Oil Prices Edged Down on Mixed US Stockpiles
SECAUCUS, NJ (DTN) – Oil prices ended lower on Thursday (9/17), reacting to a mixed U.S. stockpile picture and a modest Federal Reserve rate cut that is unlikely to significantly boost the economy.
The NYMEX WTI futures contract for October delivery settled down $0.33 at $63.72 bbl, while the ICE Brent futures contract for November delivery fell $0.36 to $67.59 bbl.
October RBOB gasoline futures slid $0.0115 to $2.0115 gallon. The front-month ULSD contract retreated $0.0118 to $2.3430 gallon.
In contrast, the U.S. dollar index strengthened by 0.440 points to 96.955 against a basket of foreign currencies.
The U.S. Energy Information Administration on Wednesday (9/17) reported commercial crude oil inventories shrank by 9.3 million bbl last week as exports soared to a 21-month high. At the same time, a surprisingly large build in distillate fuel oil inventories raised concerns over the health of the U.S. economy and fuel demand. Nationwide distillate fuel oil stocks jumped 4.7 million bbl, or 4%, in a single week to 120.6 million bbl.

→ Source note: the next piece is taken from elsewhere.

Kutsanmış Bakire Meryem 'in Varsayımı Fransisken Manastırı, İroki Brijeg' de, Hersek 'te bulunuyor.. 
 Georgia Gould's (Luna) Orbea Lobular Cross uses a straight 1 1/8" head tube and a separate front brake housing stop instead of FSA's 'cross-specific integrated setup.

Concerns on US economic growth going forth also gripped markets after the Fed executed just a 25-basis point cut on Wednesday (9/17) versus expectations of some on Wall Street for a larger reduction.
This lent tepid support to markets, especially after Fed Chair Jerome Powell acknowledged labor market weakness and suggested there will be more rate cuts, without committing to their size or timeline. Investors, however, expect another two 25-basis-point cuts this year.
These factors counteracted European Union efforts to present to member states on Friday the revised 19th package of sanctions against Russia over the Ukraine war, to better coordinate with the Trump administration the phasing out Russian oil imports.
The EU’s sanctions package comes as President Donald Trump conditioned fresh U.S. sanctions on NATO and EU countries ceasing all purchases of Russian oil.
The reviewed package may include secondary sanctions on buyers of Russian oil, and, according to a social media statement by European Commission President Ursula von der Leyen, will contain a plan to more quickly phase out purchases of Russian energy.
While Russian flows to Europe have plummeted since the invasion of Ukraine, two landlocked NATO and EU countries, Slovakia and Hungary, are currently exempt from the EU embargo on Russian oil imports, given their limited supply alternatives. Under their current agreement, EU countries have until 2028 to completely faze out Russian energy purchases.